Nitekim, erkeği askere kabul etmeden önce yapılan kontrolde, eşcinsellik ispatlanırsa yükümlülük iptal olur. Yasaya göre, askere yalnızca heteroseksüel erkekler kabul edilir.
Toplumsal kurumlardaki değişimlere ve oluşan yeni seçeneklere rağmen, hakim erkeklik klişesinin üretildiği mekanizmalardan biri olan "askerlik" sürecinde, "baba" ya da "adam" olacak erkeğe, savunmak, çatışmak, dayanmak, sorumluluk almak, disiplinli olmak, itaat etmek, hiyerarşi içinde yaşamak ve çalışmak öğretilirken, arka planda ondan, heteroseksüel cinsel "iktidar" beklenir.

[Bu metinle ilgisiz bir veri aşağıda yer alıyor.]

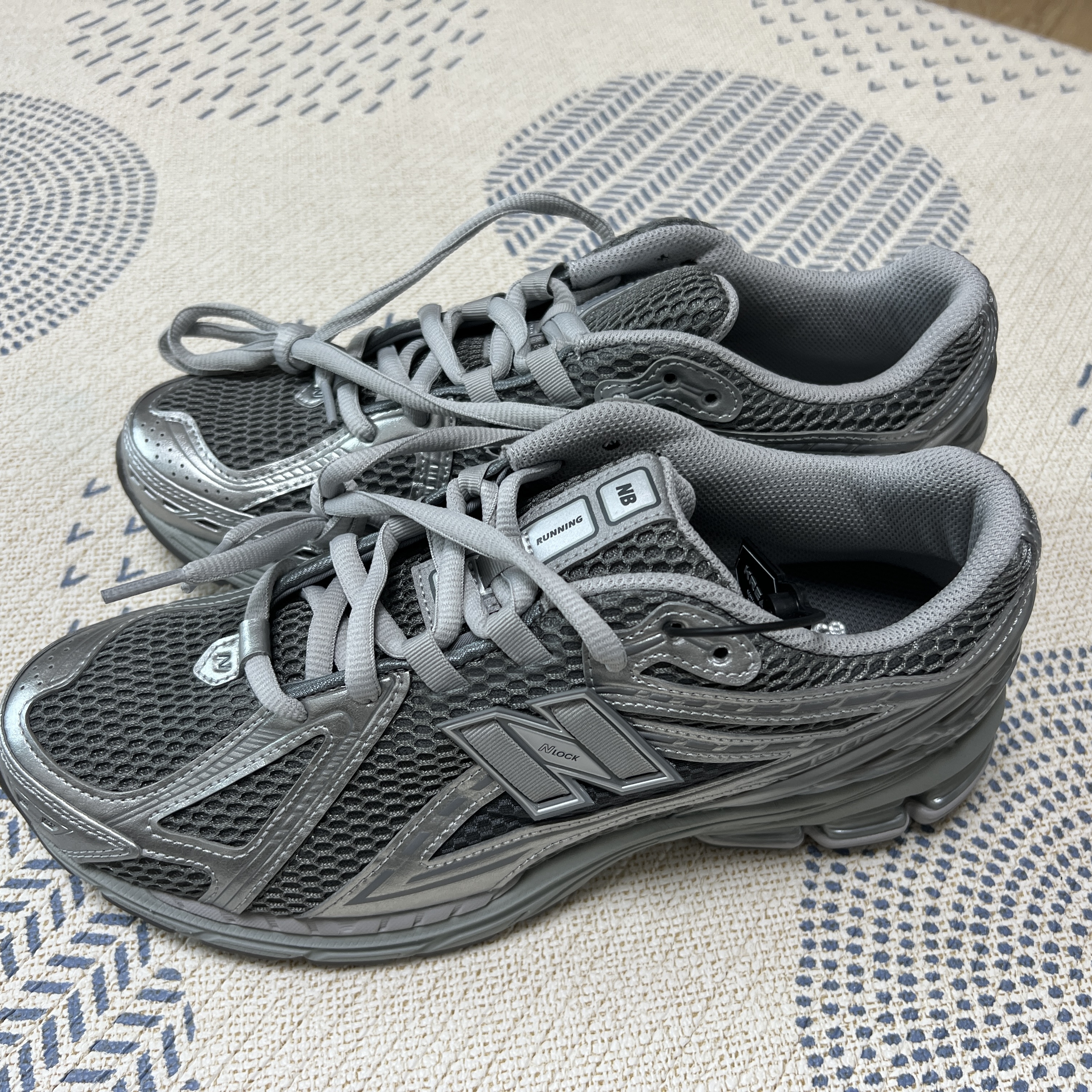 New Balance 1906R Harbor Grey Silver Metalic 착용 스타일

Disiplin mekanizmalarıyla erkeğe benimsetilmeye çalışılan tüm bu özellikler, erkeği kadın karşısında konumlayan ve heteroseksüel cinselliğe atıfta bulunan mecazlarla sunulur.
Toplumsal cinsiyet düzeni içinde işleyen ataerkil ideoloji, bedenler, cinsiyet rolleri, yaşam biçimleri hatta duygu dünyaları kadar, cinsel ilişkileri de düzenler. Erkek, heteroseksüel cinsellikte kimlik kazanır.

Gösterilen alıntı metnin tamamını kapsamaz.